メゾソプラノのディドナートさんのマスタークラス3日目。最終日のレッスンです。
オペラのレッスンは面白いものだと思い拝見しました。
役柄の人物をどう設定するかで、歌い方、音色が変わり、それをスッとやってのける生徒さんたち。
ピアノ演奏ではここまでガラリとキャラクターを変えて同じ曲を演奏することはないので、同じ音楽でも別の世界を見させてもらった感じです。
チェリストでもあるノルウェーの女性受講生のイマジネーションの豊かさは拝見していて楽しく、感心しました。
様々な設定を振って、彼女の力を舞台関係の人に知ってもらう意図もあると思いますが、楽しいやり取りです。
最初に歌った女性は、完璧を求め自分を追い詰めていた生徒さんです。前回のレッスンでは歌のレッスンはひとつもせず、そのことについて話されていました。
今回の彼女は、心なしかリラックスし音楽を楽しんでいる様子。ドラマティックな声をしています。彼女の変化に泣けてきました。

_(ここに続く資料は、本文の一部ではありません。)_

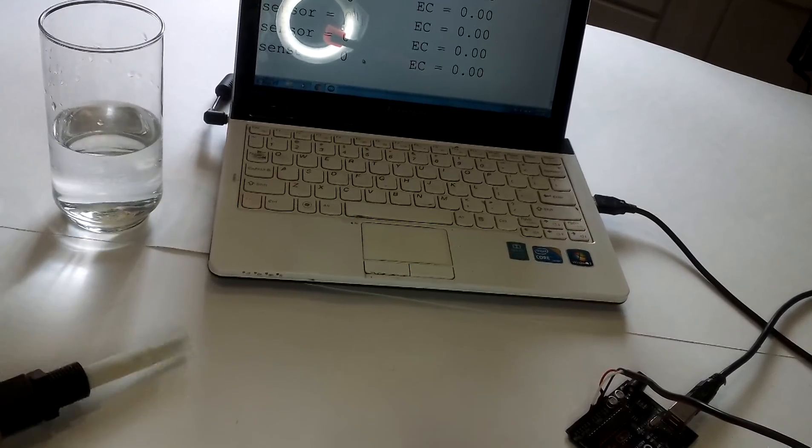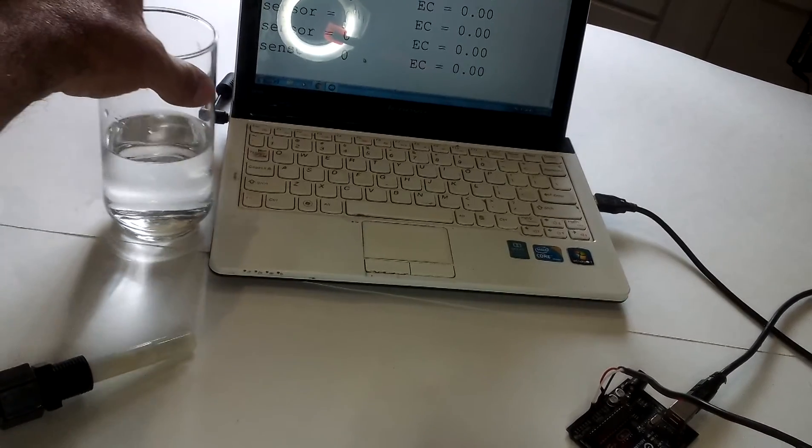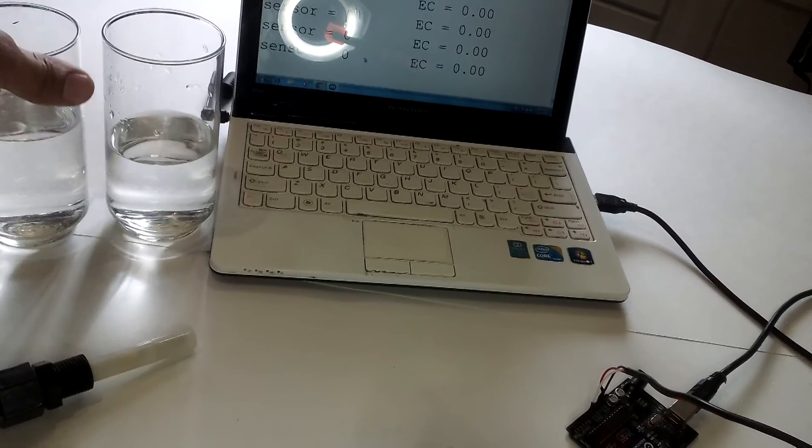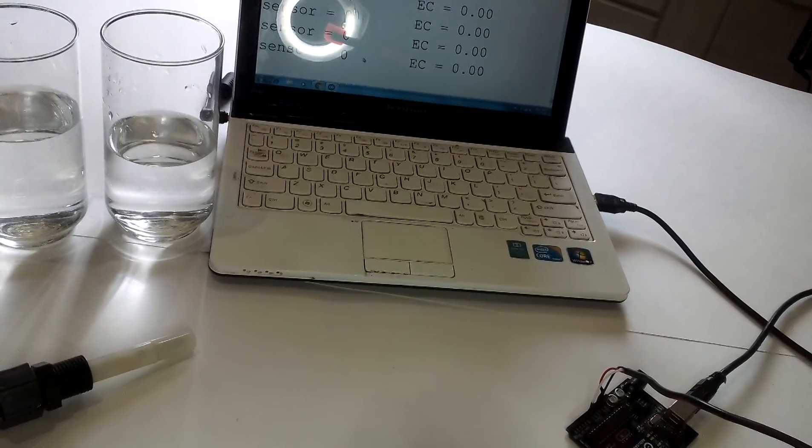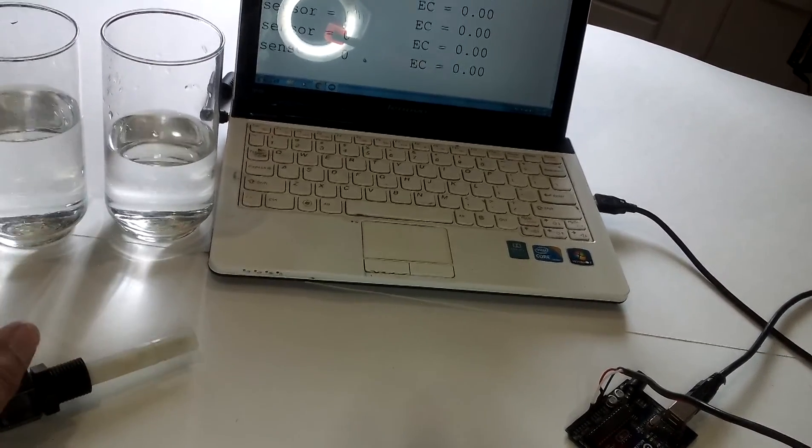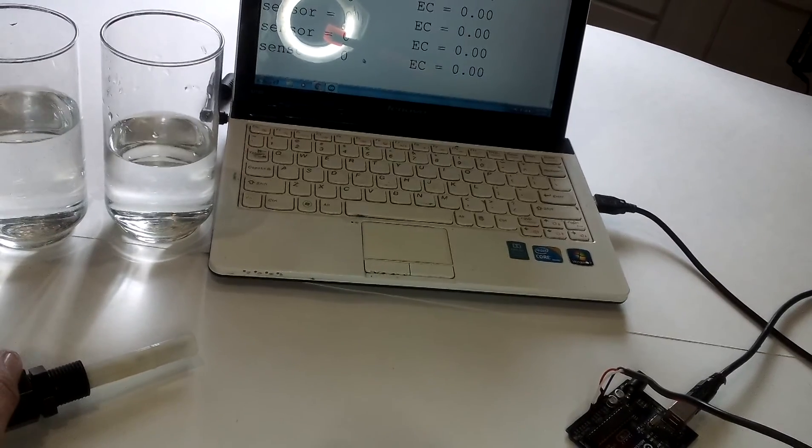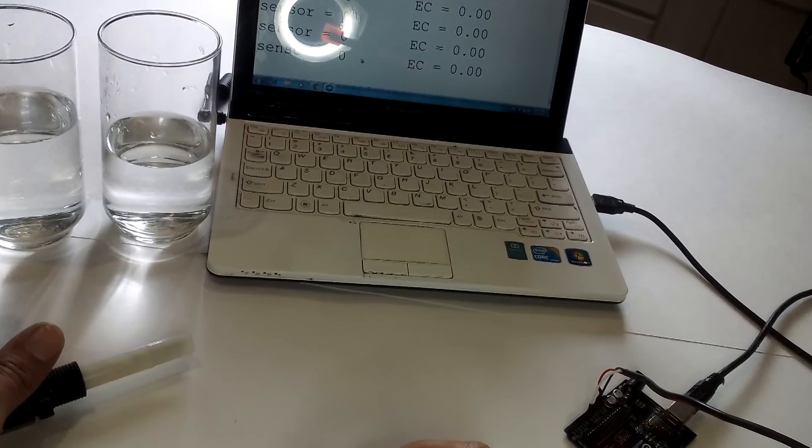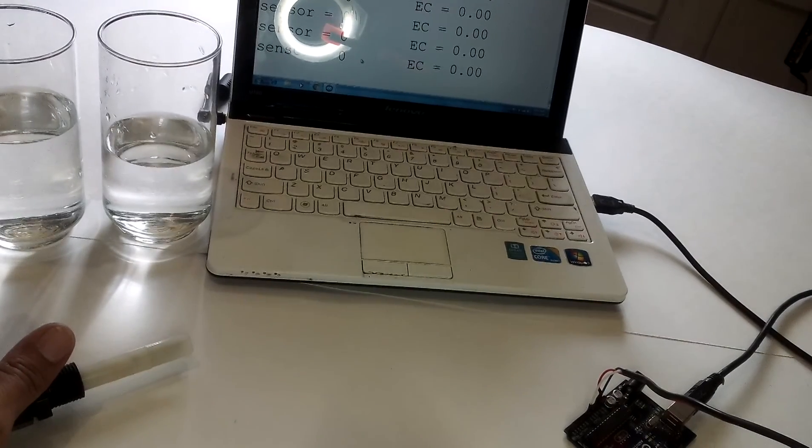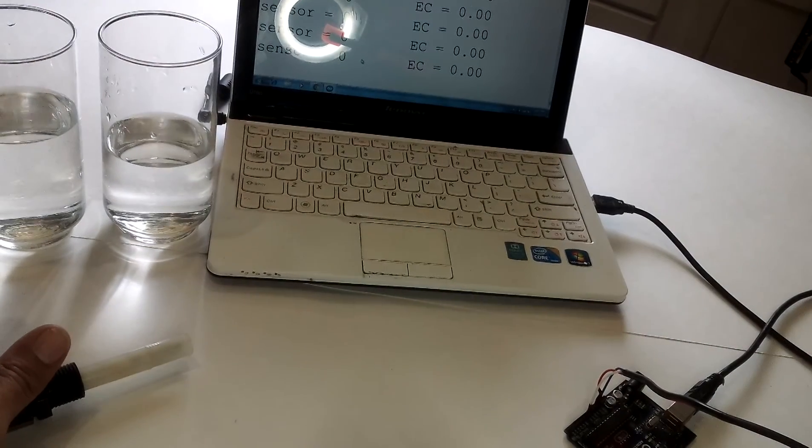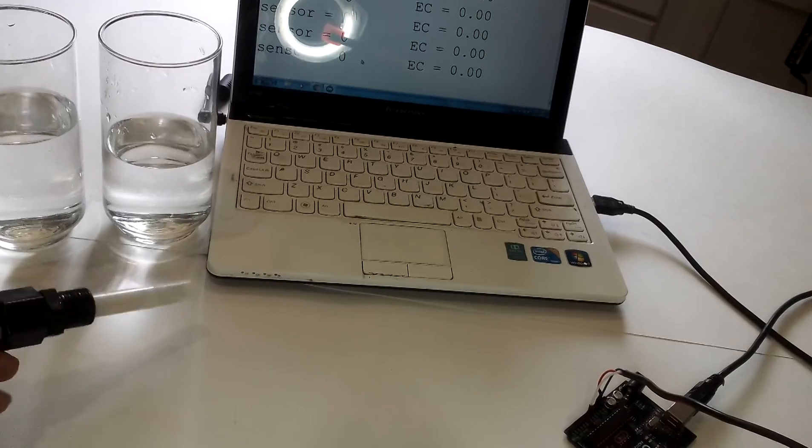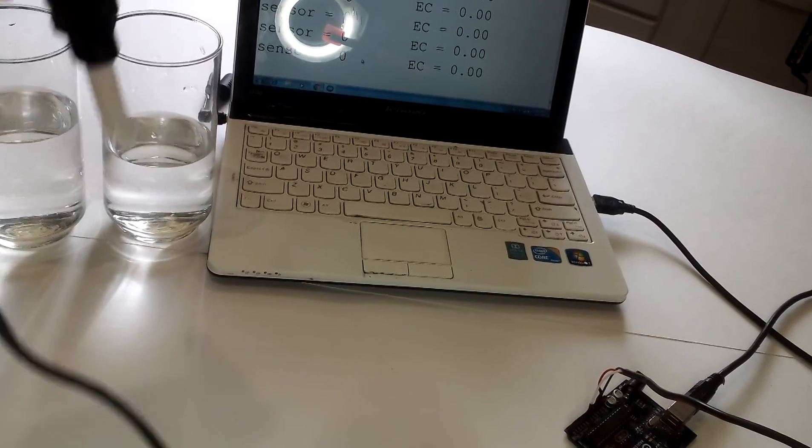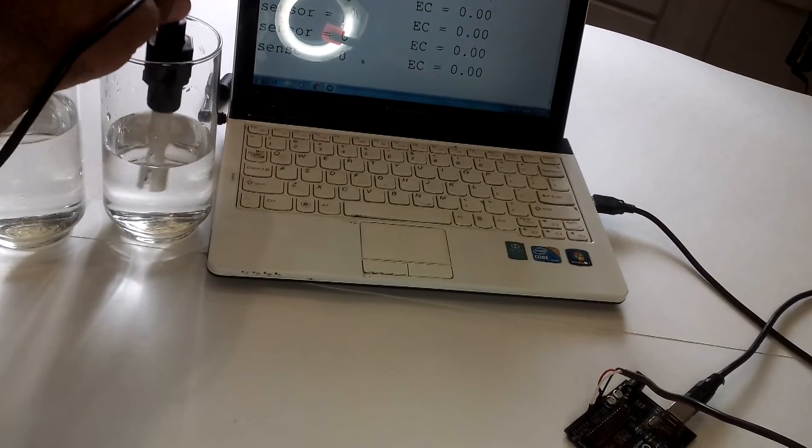And I do have known solutions here. One is tap water. Pretty dirty tap water actually. It's about 610 microsiemens. And I do have a known solution of 1.24 conductivity solution. And we're going to insert this into tap water first.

完璧へのこだわりに対処する方法を学ばないと、それはあなたの敵になる。あなたが完璧になったとしても、そこに私たちが入るスペースはない。自分を受け入れ、脳、身体、呼吸を柔らかくすることが出来れば全てがはるかに良いコンディションになり、あなたにチャンスが与えられる。完璧に自由であることを目指しなさい。そこは呼吸が自由に流れる場所、感情が自由に流れる場所、今まで学んできたことに固執しない場所です。
心が声に直結している声楽家ならではのお話。ディドナートさんならではのお話なのかもしれませんが、感動的な3日間のマスタークラスでした。